---------- DATA FOR THIS TASK

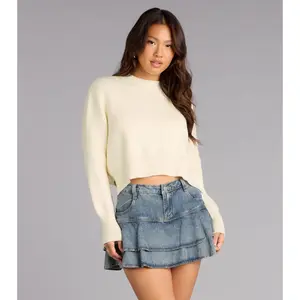 Cozy Edit Crop Sweater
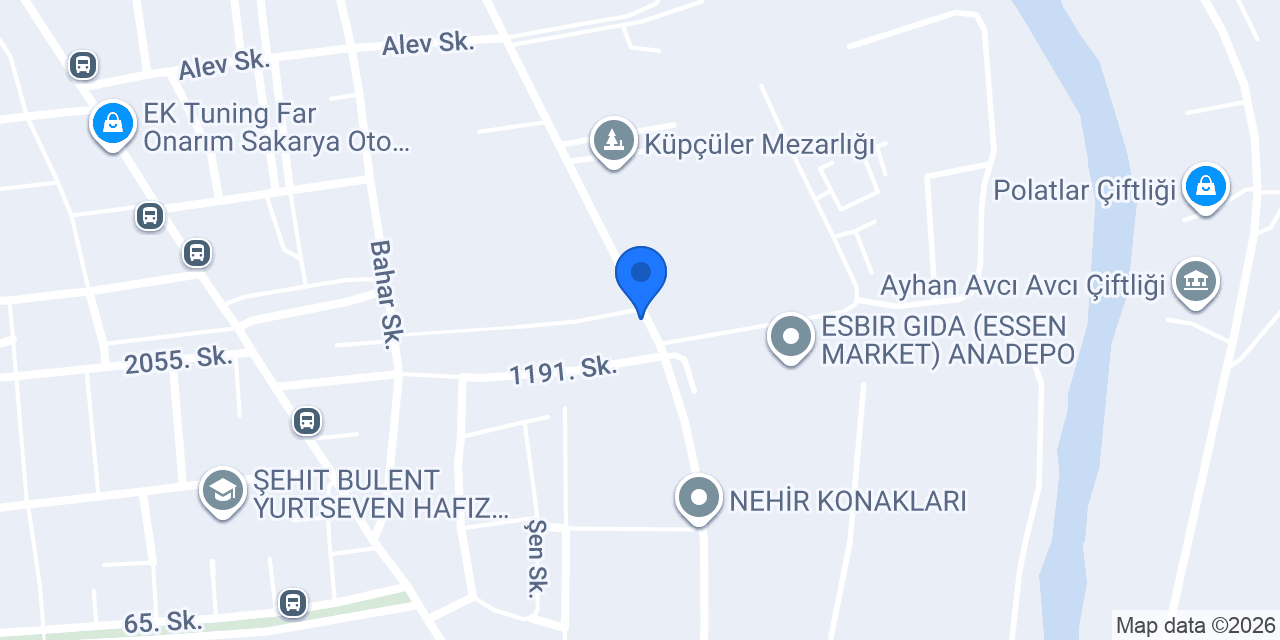Tepe Motor - Ceren Sakarya konumu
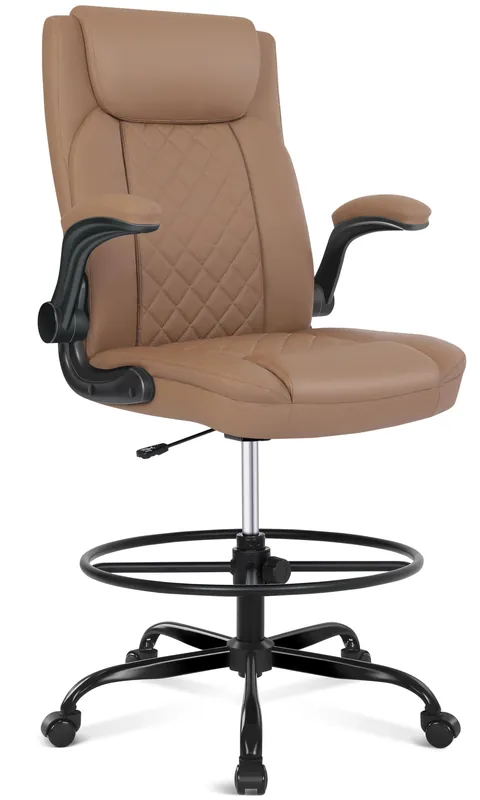 Misolant Drafting Chair, Tall Office Chair for Standing Desk, Standing Chair with Adjustable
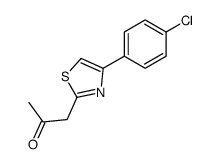 1-[4-(4-chlorophenyl)-1,3-thiazol-2-yl]propan-2-one Structure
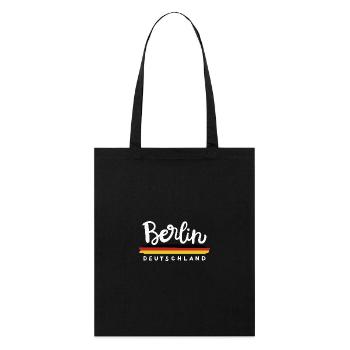 Berlin Deutschland - Stanley/Stella Bio-Stoffbeutel - Schwarz - Vorne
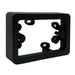 Hager Allure Mounting Block Matt Black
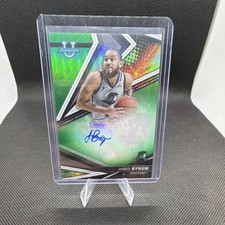 Topps 2022-23 Bowman University Best Jared Bynum Rookie Auto Green Refractor /9…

--------------------

- WHAT YOU WILL DO: Omit all pictures, and repeat exactly the lines from the line containing "Hager Allure Mounting Block Matt Black" through the end of the data.

- TASK SOLUTION:
 Hager Allure Mounting Block Matt Black
 Topps 2022-23 Bowman University Best Jared Bynum Rookie Auto Green Refractor /9…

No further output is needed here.